The gun had two cartridges, but after firing the first cartridge she threw down the gun and ran off. Janet had never been in trouble before and the Judge thought that the ends of justice would be met with a short sentence.
Lord McLaren in sentencing the accused said that he was sorry to see a respectable girl like Janet to be in court. He was willing to give all the weight he could to what had been said in her favour. If the case had gone to trial, and she had been found guilty of assault with intent to murder, he would have dealt seriously with Janet. But as it was, it was a case for substantial punishment. Lord McLaren could not take it that the gun went off by accident, but it had been discharged with intent to do mischief. In these circumstances, he sentenced her to Six Months Imprisonment. Janet was carried off to Jail in a sorry state.

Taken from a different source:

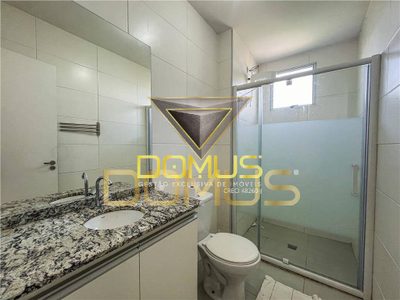 Apartamento, 2 quartos, 56 m² - Foto 3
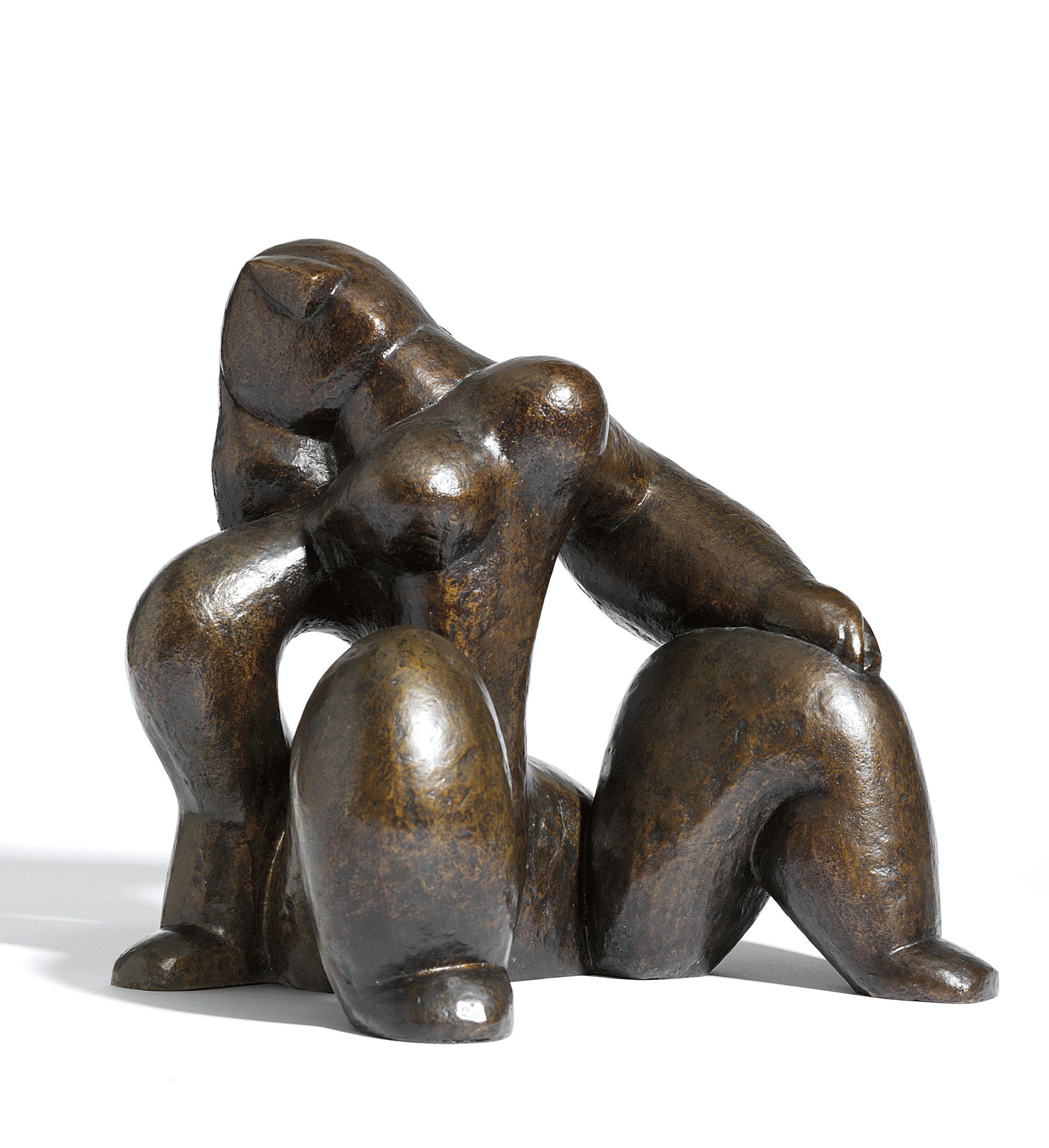 Henri Laurens (1885-1954)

It was also noted that some of Janet’s friends were prepared to take care of her when she got out of prison. She had already spent the past two months in jail.
How things have changed since 1902! Today if you tried to kill some with a double-barrelled shotgun, you would most certainly get life in prison and not just six months. I wanted to know what became of Janet Laird and Alfred Annett so I decided to go and see what I could find.
Alfred was born around 1876 at Banbury, London. He was the son of James & Charlotte Annett; his father was a butcher in London. He came from a large family and in 1881 he was living at Islington, London. He joined the Army in 1894 and this is possibly where he met Colonel Rutherford. At some point between 1895 & 1902, he left the Army and gained employment at Neilsland House working as Colonel Rutherford’s servant.
After the shooting incident, a year later in 1903, Alfred married Janet McGregor in Hamilton. In 1905, he later moved to 27 Kirk Road in Cambusnethan where he is now working as a Postman. In this marriage, he had 5 children.
Between 1906 & 1907 Alfred moved back down to England he settled at Sunbury in Middlesex. He died on the 17th of January 1952 at Sanbury.
Unfortunately, after the court case, the trail go’s cold and I can’t find any further info on Janet Laird.
** The word Slovenly is what your great aunt Mabel might call you if you came to high tea without a necktie. It means “messy or unkempt,” but is a word you probably won’t hear messy or unkempt people using. This is not a word often used in modern day.